If I just, maybe even if I just remove that and press Enter, I'm not even searching for anything. And this is going to take, I don't know, like a minute. I'm going to cut forwards so you don't have to wait as long as I do. Okay. So it's just finished.

That took way too long. So what we want to do, or the reason for that is mainly the retriever model download over here. So every time we rerun or change anything in our app, the way Streamlit works is it re-executes everything in your script. And that's really good because it makes developing an app super simple.

But when you have something like that, you're downloading an ML model, you don't want to redo that every time a tiniest little thing changes in your app. You only want to do it once, like when the user opens your app the first time, then you download it, and then you don't download it again.

That's what you want to happen. And we also want the same to happen with our Pinecone connection. We just want to initialize that connection once and not every time something changes in the app. So we're going to do that. We're going to figure that out. So we can go over to the Streamlit docs, and we can scroll up to the top or go to its menu.

And we go to Advanced Features. Now, I know it says Advanced, but it's not hard to do this. So we can optimize performance with stcache. Let's have a look at that. So we can scroll down. It's a caching mechanism that allows your app to save performance when loading data from the web, a lot of data sets, or performing expensive computations.

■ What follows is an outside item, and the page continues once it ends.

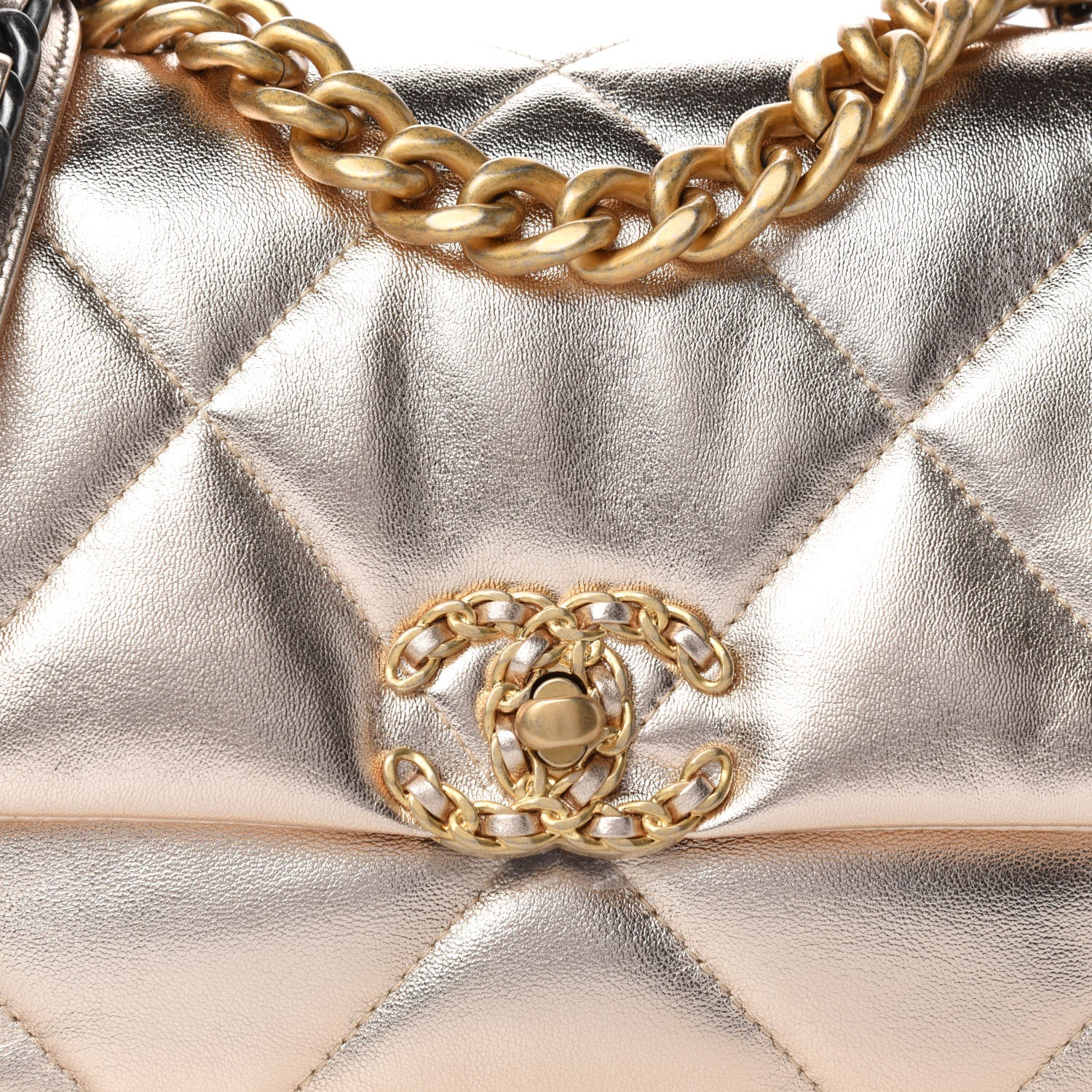 Chanel Metallic Lambskin Quilted Medium Chanel 19 Flap Gold 10 of 11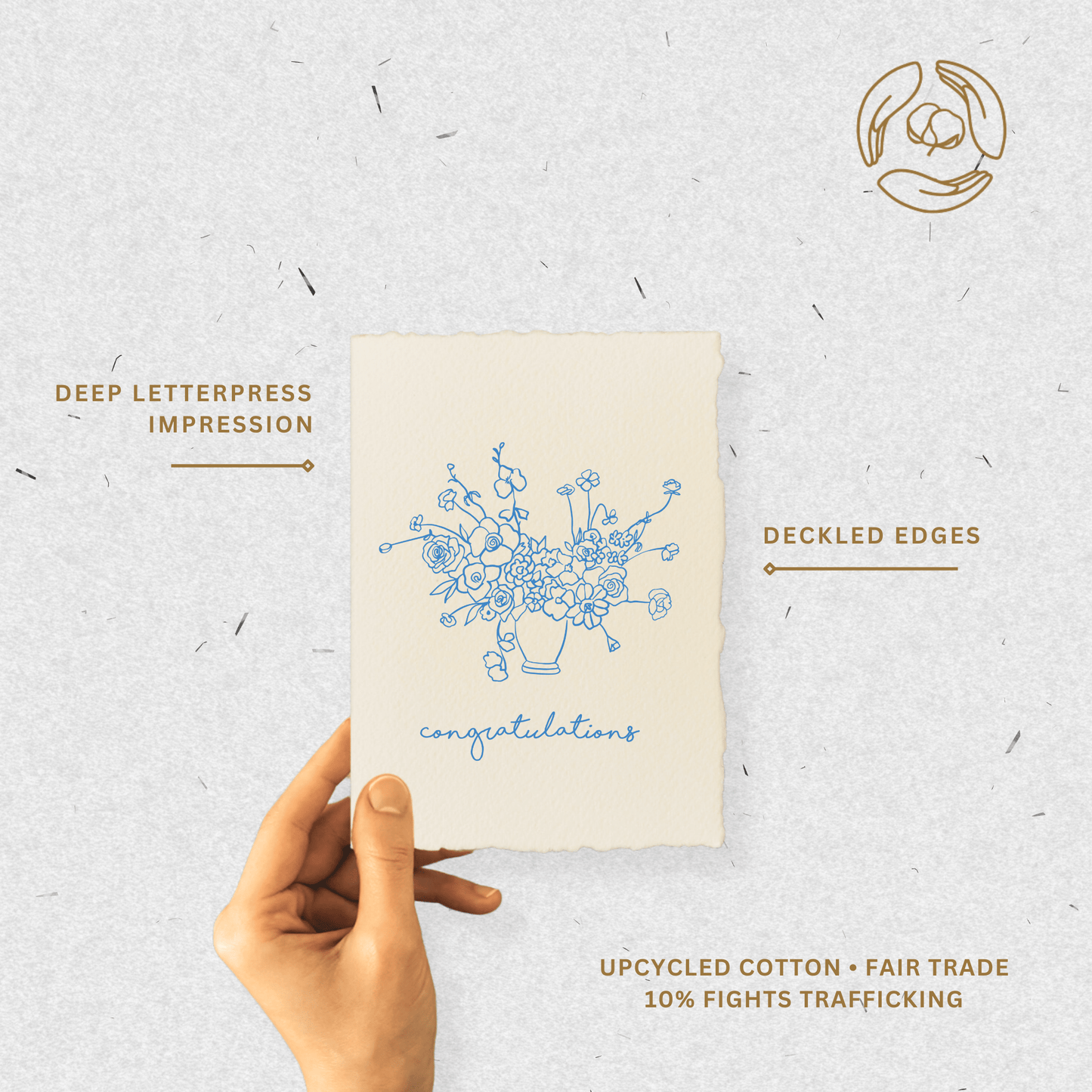 Congratulations floral bouquet greeting card with blue letterpress design on off-white, eco-friendly material.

Now, that sounds pretty much like what we want. So let's go down, and we see Basic Usage. So we have... This is a good example. So we have this function here. It takes a long time to run every time. And therefore, it makes the app very slow. Every time anything changes, the whole thing is reloaded.

So this expensive computation is rerun every time. We don't want that to happen. What we want to do is, okay, you can just add this. And that means that the output from that expensive computation is just stored. It's not reloaded every single time. Okay, so let's try. I'm not saying it's going to work, but let's try and do that.

So we're going to put Define Init Retriever. Okay, and that is just going to return the Retriever model. So return that. And we do the same for our Pinecone stuff here as well. So Define Init Pinecone. Okay, and then obviously, we need to actually call those. So let's do that here.

Okay, so we're going to call those. We want the model is equal to Init Retriever. And we want the index is equal to Init Pinecone. Okay, let's save that. Let's have a look at our app. Okay, so it's running again. Let's wait a moment. Actually, stop that because here we're returning nothing.

So we actually want to return the index. That would be useful. And now we have to press this, rerun. Okay, now the first time we do this, it's going to take a while. And first, okay, we want to make sure it's actually, is it working like it was before?

Let's see. Are we getting any errors? Okay, no, it always seems to be working fine. Okay, so let's do, let's add that stcache that we saw in the documentation. Let's add that to both of these. Okay, save, rerun. We get this nice little spinner running Init Retriever. It's not very descriptive for our users.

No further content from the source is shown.